7,         is an imposing two-storeyed pale brick home of the 1950s with again an entry framed like 20 Sutherland Road, but this time with the addition of a keystone. It has a beautiful garden. Formerly it was the home of Mr Justice John Dey (of the NSW Industrial Commission) (1911-1994) and his wife Keelah. As they aged they moved into 3 Chorley, on the corner, for their last years in Cheltenham. It was from 3 that they were members of the Civic Trust from 1985 to 1994. This was the address of G Ross for membership of the Civic Trust in 2007.

11,       This was the home of William (Billy) Ewart Hart. Born in Parramatta in 1885 he built his first aeroplane in 1910. In September 1911 he purchased a Bristol Box kite from a touring British aeroplane company and after a few lessons flew it solo by the following November. He received Australian aviator’s licence number 1 on 5 December 1911. The month before he flew 76 km from Penrith to Sydney completing the first cross country flight in NSW in 55 minutes and reaching 6,500ft. In the following year on 29 June he won Australia’s first air race flying from 32 km from Botany to Parramatta Park. A memorial in Parramatta Park commemorates this event. In 1912 he was badly injured flying at Richmond and while he had a flying school and acted as an instructor (including in No 1 Squadron, Australian Flying Corps in the First World War) he never flew again. He enlisted in the First World War to fly (having to go to London to enlist but cabled his mother “the leg that was so badly broken in the big smash at Richmond came against him.” 

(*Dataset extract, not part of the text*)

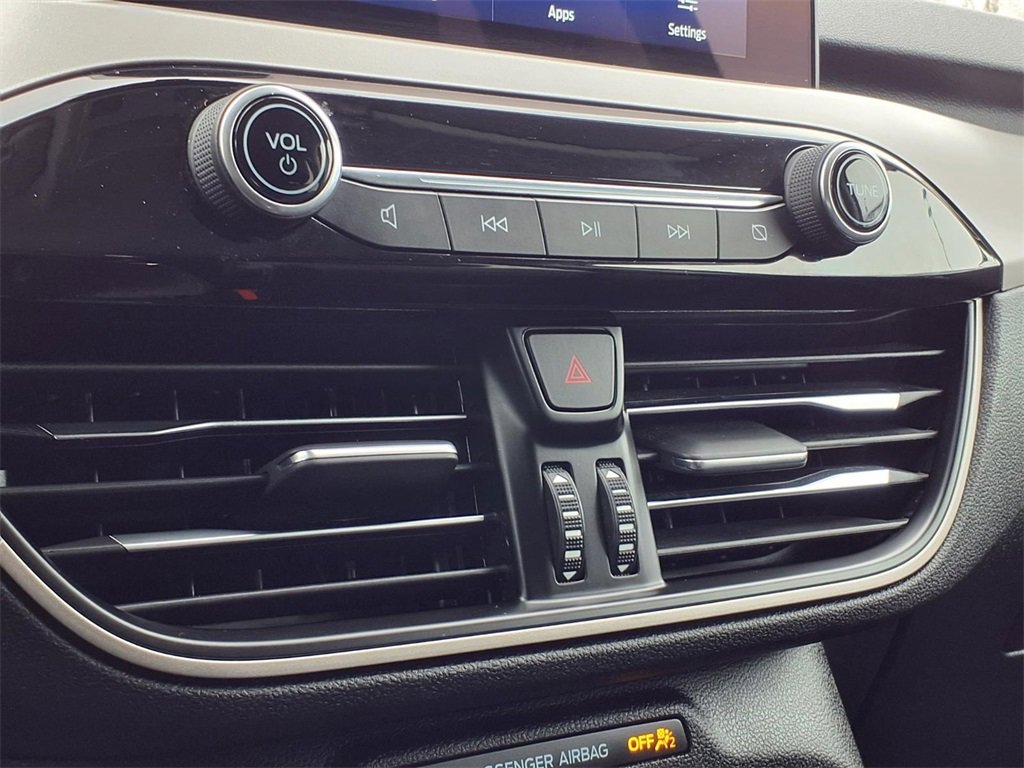 Used 2022 Ford Escape SEL image 12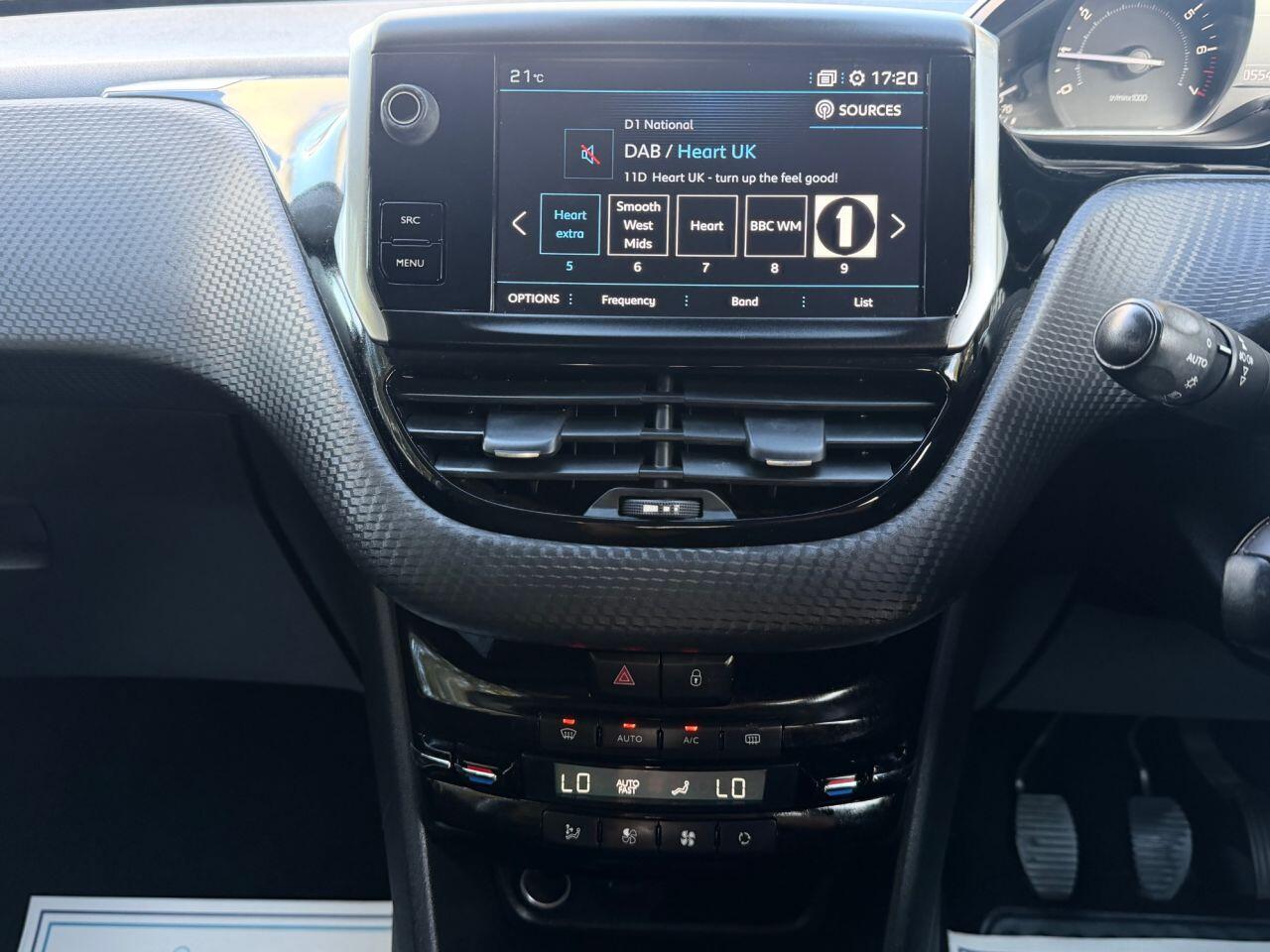 Peugeot 208 view 36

He had a heart attack and died suddenly in Sydney on 29 July 1943. The RAAF flew overhead at his funeral.

This was the address of Mrs M Hartley for membership of the Civic Trust between 1990 and 2000 and Mr Crittenden in 2006.

15, Norcull, was originally the home of Mr Cecil Ernest Rahn (1897-1988) and his wife Eva May (nee Littlejohn) from 1929 until at least 1963. In the electoral rolls his occupation is recorded as being a labourer. Note in particular the carvings at the bottom of the flight of imposing stairs. On one side an owl and the other a pelican and chick. There is an imposing deodar in the front year and the use of columns combined with the brick. The windows are leadlight.

The house is listed on the Hornsby Shire Council Heritage Register which comprises Schedule 5 (Environmental Heritage) of the Hornsby Local Environment Plan 2013.